Member of the Minnesota House of Representatives from the 54B district
- In office January 3, 2017 – January 3, 2023
- Preceded by: Denny McNamara
- Succeeded by: Shane Hudella

Personal details
- Born: November 28, 1964 (age 61)
- Party: Republican Party of Minnesota
- Spouse: Dawn
- Children: 2
- Alma mater: Southwest Minnesota State University
- Occupation: insurance broker

= Tony Jurgens =

American politician

Tony Jurgens (born November 28, 1964) is an American politician and former member of the Minnesota House of Representatives. A member of the Republican Party of Minnesota, he represented District 54B in the southeastern Twin Cities metropolitan area.

==Early life, education, and career==
Jurgens was born on November 28, 1964. Jurgens attended Southwest Minnesota State University, graduating with a Bachelor of Science in business administration in 1988.

Jurgens served on the Cottage Grove Economic Development Authority, the Cottage Grove Public Works Commission, Public Services Commission, Charter Commission, Comprehensive Plan Steering Committee and the Washington County Library Board. He is an independent insurance agent.

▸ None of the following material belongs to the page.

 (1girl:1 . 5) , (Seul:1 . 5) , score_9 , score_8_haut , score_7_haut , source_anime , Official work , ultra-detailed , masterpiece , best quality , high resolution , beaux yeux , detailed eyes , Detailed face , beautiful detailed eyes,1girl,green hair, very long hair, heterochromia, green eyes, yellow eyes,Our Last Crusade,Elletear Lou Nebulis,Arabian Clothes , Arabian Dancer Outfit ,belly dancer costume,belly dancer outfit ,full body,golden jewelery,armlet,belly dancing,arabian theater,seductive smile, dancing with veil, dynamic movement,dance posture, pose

==Minnesota House of Representatives==
Jurgens was first elected to the Minnesota House of Representatives in 2016 and re-elected in 2018 and 2020.

==Personal life==
Jurgens and his wife, Dawn, reside in Cottage Grove, Minnesota. They have two married daughters and two grandchildren. Jurgens is a member of St. Elizabeth Ann Seton Catholic Church in Hastings, Minnesota and a member of the Knights of Columbus.